Other than the rough housing during break times, I've been loving school. I don't know what it is, but some days I just feel like a real teacher. And man, when a student finally gets something -- it's just so thrilling. I bet they think I'm crazy, how excited I get over things that must seem so little to them. It makes me want to be a better teacher, if only to get more of these moments.

Currently, I'm busy packing up all my stuff because I'm getting a new apartment Monday! The school administrators and I have been in a month-long battle with the landlords over my water issues, resulting in the admins finally breaking their contract in order to move me. The good news is I will (probably... more than likely... it couldn't happen twice, right?) have water! The bad news is I have to move out of my apartment before school and I can't move into the new place until after school the same day.

So I'll essentially be homeless for a few hours during the day, but the other teachers have been really helpful. I don't know what I would've done without them. The few hours I'll be in town this weekend will be spent packing up my stuff and hauling it over to their apartments, but it'll all be worth it to take a real shower Monday night! I'll actually be living right across the hall from one of the other teachers and a floor below another -- not sure if that'll be good or bad; only time will tell.

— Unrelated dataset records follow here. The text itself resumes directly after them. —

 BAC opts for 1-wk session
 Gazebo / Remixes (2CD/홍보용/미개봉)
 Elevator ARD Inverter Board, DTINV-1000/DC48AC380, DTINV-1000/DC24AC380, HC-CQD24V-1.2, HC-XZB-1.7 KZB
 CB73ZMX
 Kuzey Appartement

Tomorrow, I'm headed back down to Gwangju for the Kimchi Festival and other assorted goings-on. I can't wait! Since I bought a train ticket earlier this week, my travel will be much easier, but it also means sticking to a schedule, which can be stressful. So instead of stressing out, I'm going to get some sleep now, and be a happy camper/traveler tomorrow!

Tuesday, October 9, 2012

North Korean noodles and quiz bowl after-effects

It's Tuesday, and it's already been a long week. This weekend, I went out with some friends in Seoul and got to eat a lot of good food including more Korean barbecue and North Korean-style noodles called naengmyeon. Overall, I think naengmyeon was a totalitarian success: the cold broth dictated the great flavor of the dish while the beef violently oppressed the crunchiness of the pears. The meal was a little short for my taste, though...

Since my friends were older and preferred lesser-known places, we spent Saturday evening jumping from bar to restaurant, eating and drinking like only Koreans can. They also took me to a traditional Korean market where so many people were gathered with the same mission. It was nice to have three Korean tour guides, as opposed to just trying to figure things out.

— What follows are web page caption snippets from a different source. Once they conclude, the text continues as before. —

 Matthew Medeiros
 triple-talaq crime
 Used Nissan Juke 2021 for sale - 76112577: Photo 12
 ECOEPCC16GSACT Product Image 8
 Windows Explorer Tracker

After such a nice weekend, Monday was a bit rough. The kids all seemed to have their heads on backwards after our two-day week. This was especially true for the elementary students because another teacher and I put on a Quiz Bowl activity day for them on Friday.

We spent the past month preparing for the Quiz Bowl by each focusing on one storybook; mine was The Lion and the Mouse, based on Aesop's fable. Then on Friday, we played a total of four games with the two classes combined. It was a lot of fun, but very exhausting at the same time and it thrust the kids out of their routines, which I think we're paying for now.

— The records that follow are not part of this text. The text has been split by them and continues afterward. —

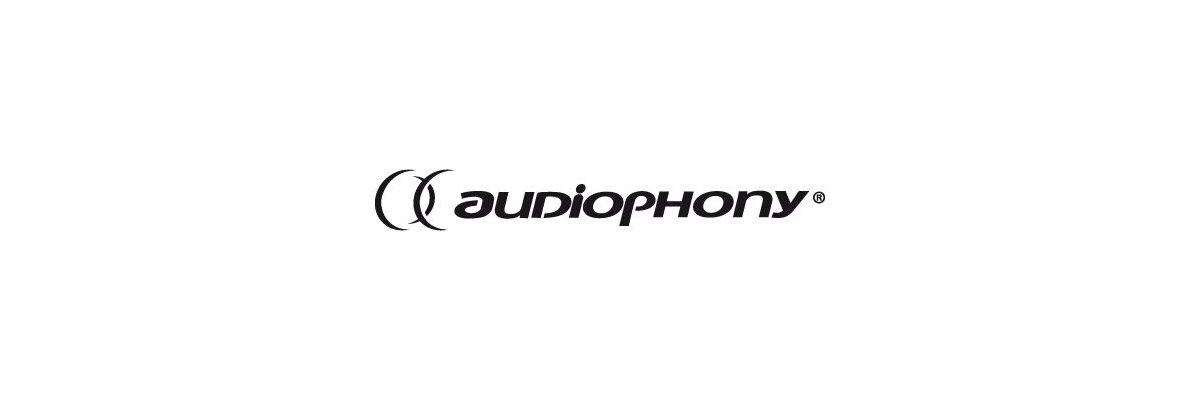 Audiophony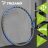 Trizand 26347 studded hula hoop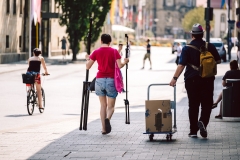 Bayreuth blättert ist ein Lesefest für alle Menschen! Es findet am Samstag, den 18. August 2018 in Bayreuth statt.

++ am 18.08.2018 in Bayreuth (Bayern).

(c) Andi Weiland | Bayreuth blättert
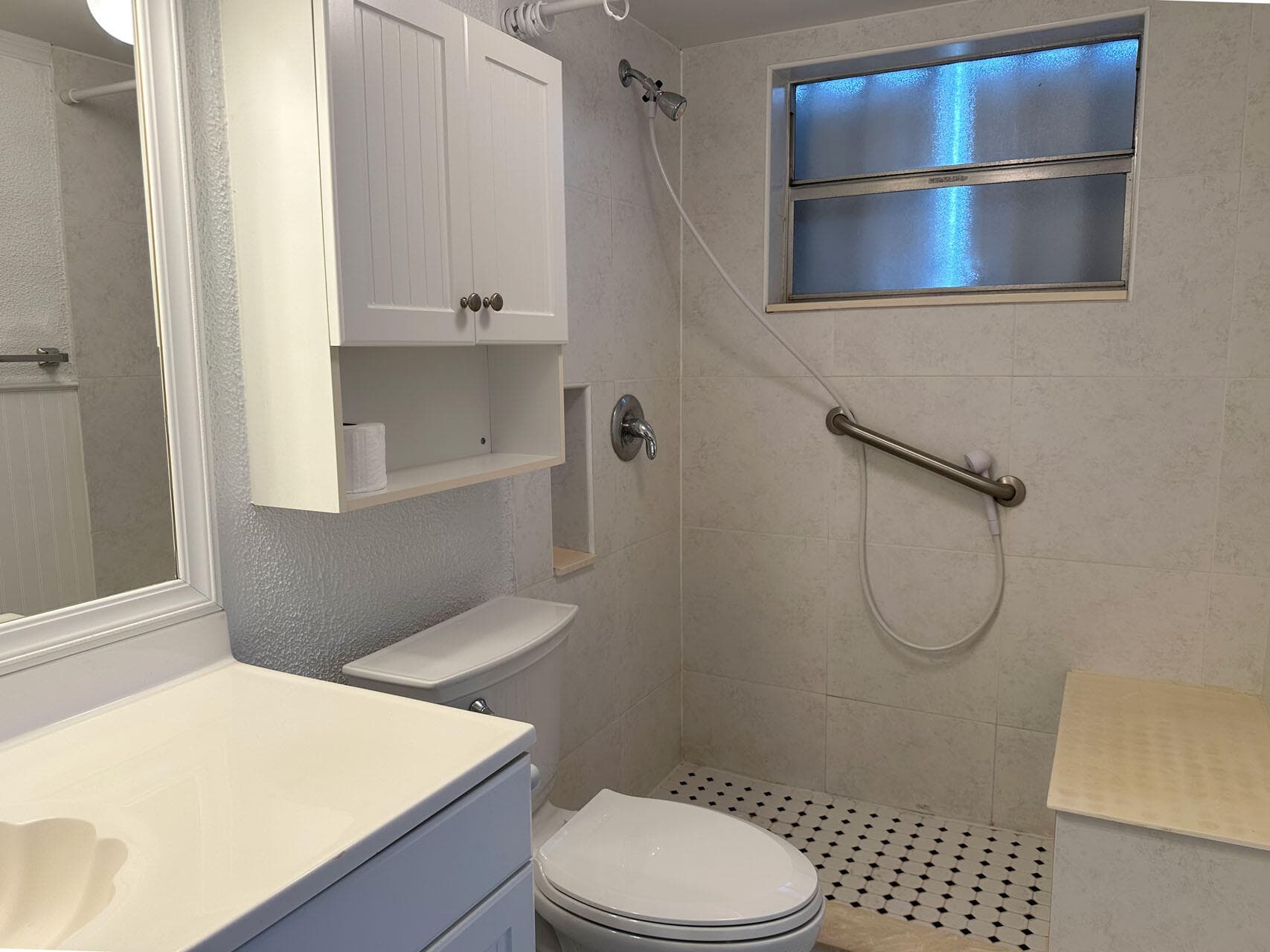 100 Royal Palm Way 2010, Boca Raton, FL 33432 — photo 23 of 29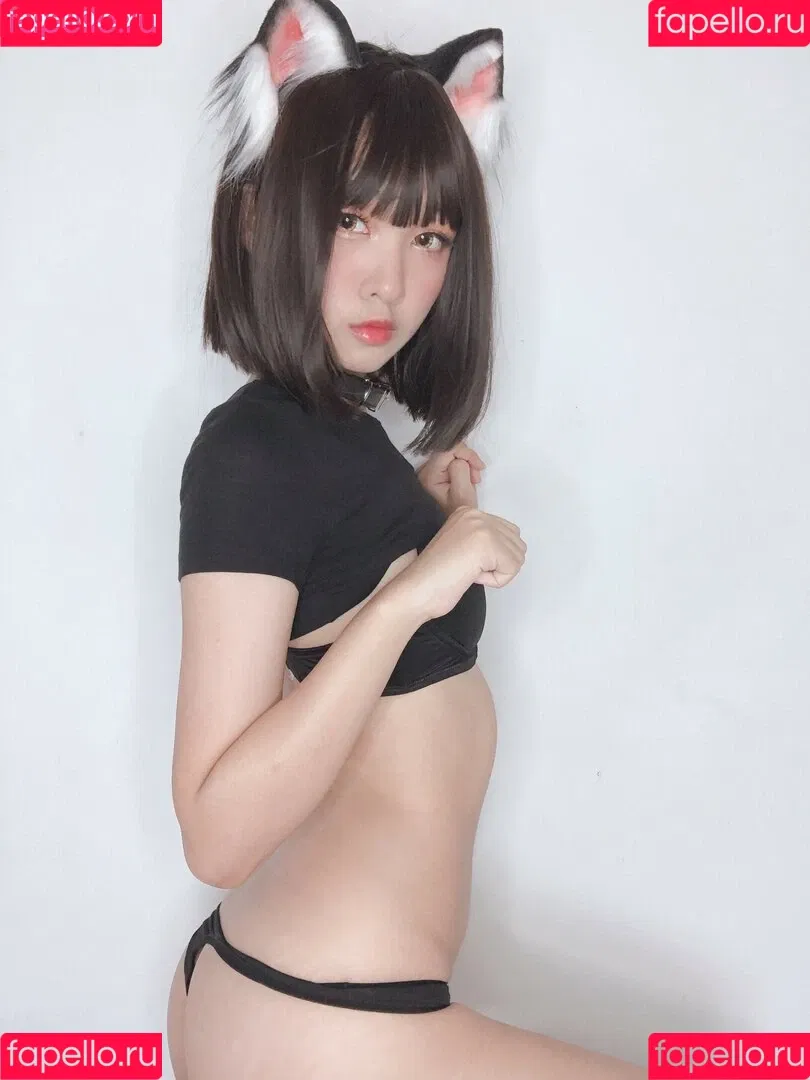 kiyomi Onlyfans Photo Gallery 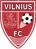 FK Vilnius (w)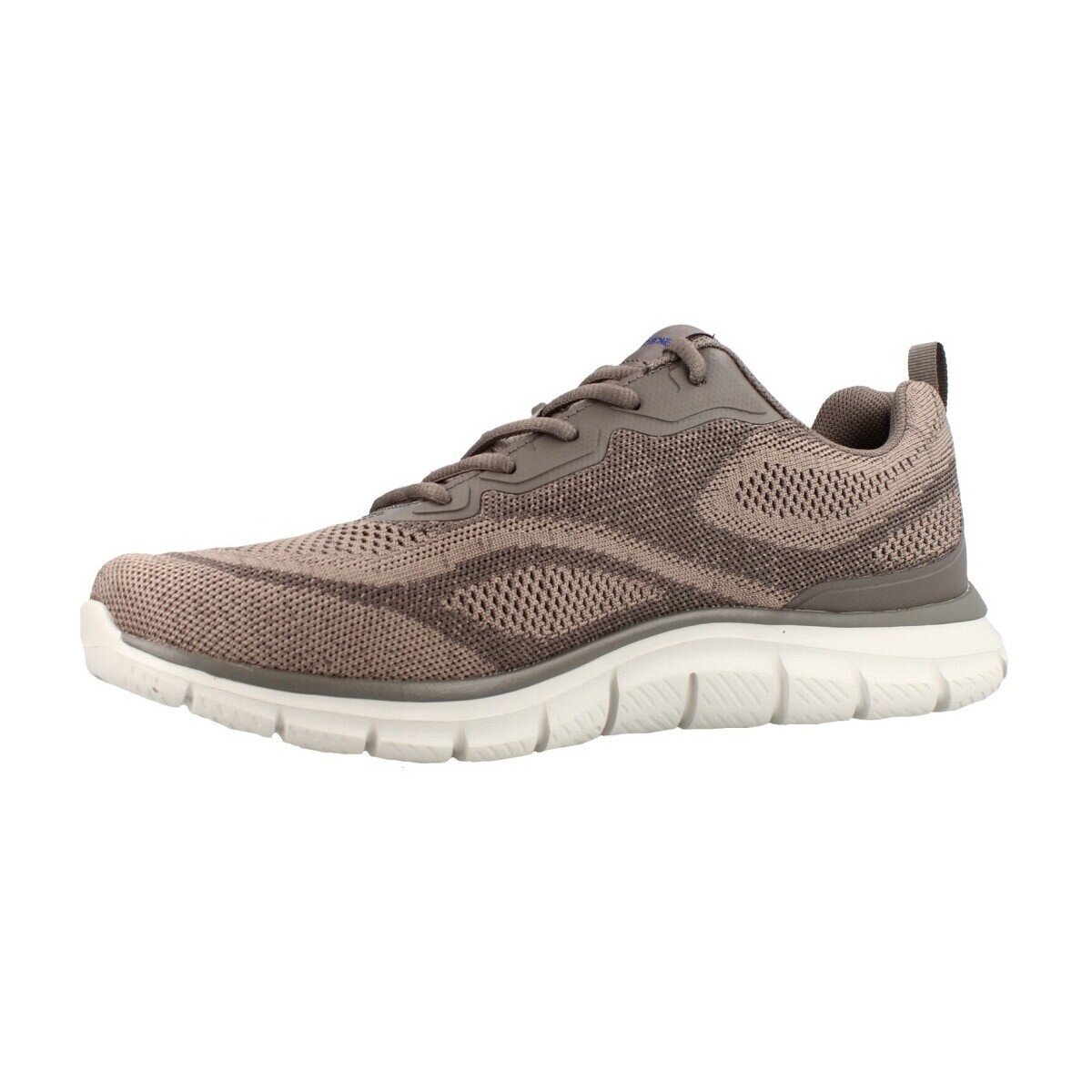 Skechers Pantofi 233064s Track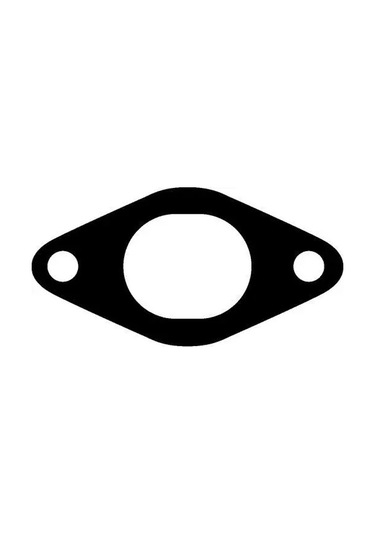 Corteco 026613h 82926613 Manifold Contasi 4837141 82926613 - 4 Adettir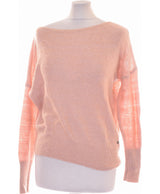 457034 Pulls et gilets BONOBO Occasion Once Again Friperie en ligne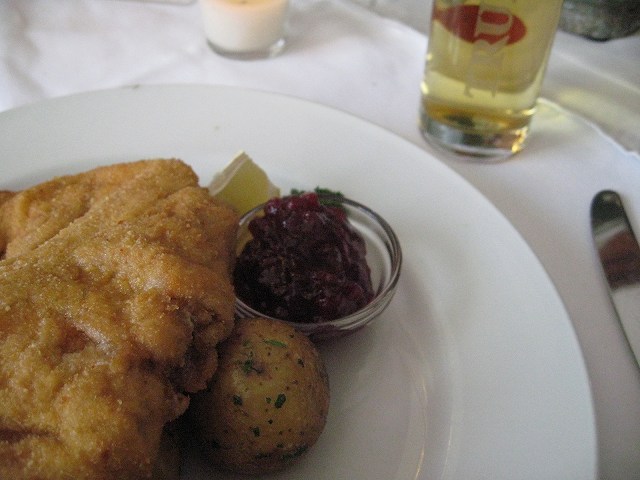 c0167813_1424873.jpg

Teaching in general seems to be getting more stressful. I'm not sure if I'm putting more pressure on myself or if the kids are just getting used to me or what, but it's been a tough few days at the front of the classroom. One of the most difficult things for me is just having a clear goal in mind. I have no idea what my endgame is at this school or with these classes. Hopefully this week I can take a beat to figure that out and refocus my energy and my lessons.

In other news, my school signed a contract for a new apartment for me! My water has been acting up since I got here, and we've been going back and forth with the landlord about what the issue is so they decided just to end the lease and move me. I'm excited to move -- I'll be in a building with two of the other teachers -- but nervous for any new problems it might bring. I guess we'll see on Monday when I move!

I'm also looking forward to this weekend because I'm going back down to Gwangju for the Kimchi World Culture Festival! Yay kimchi!

Friday, October 5, 2012

May 18 National Cemetery

As I mentioned previously, over Chuseok vacation I was able to visit Gwangju and a few historical sites. For me, the most striking was a memorial we visited Monday morning on the north side of the city. The site is officially called the May 18th National Cemetery and was built to honor those who died or went missing during the democratic uprisings of 1980.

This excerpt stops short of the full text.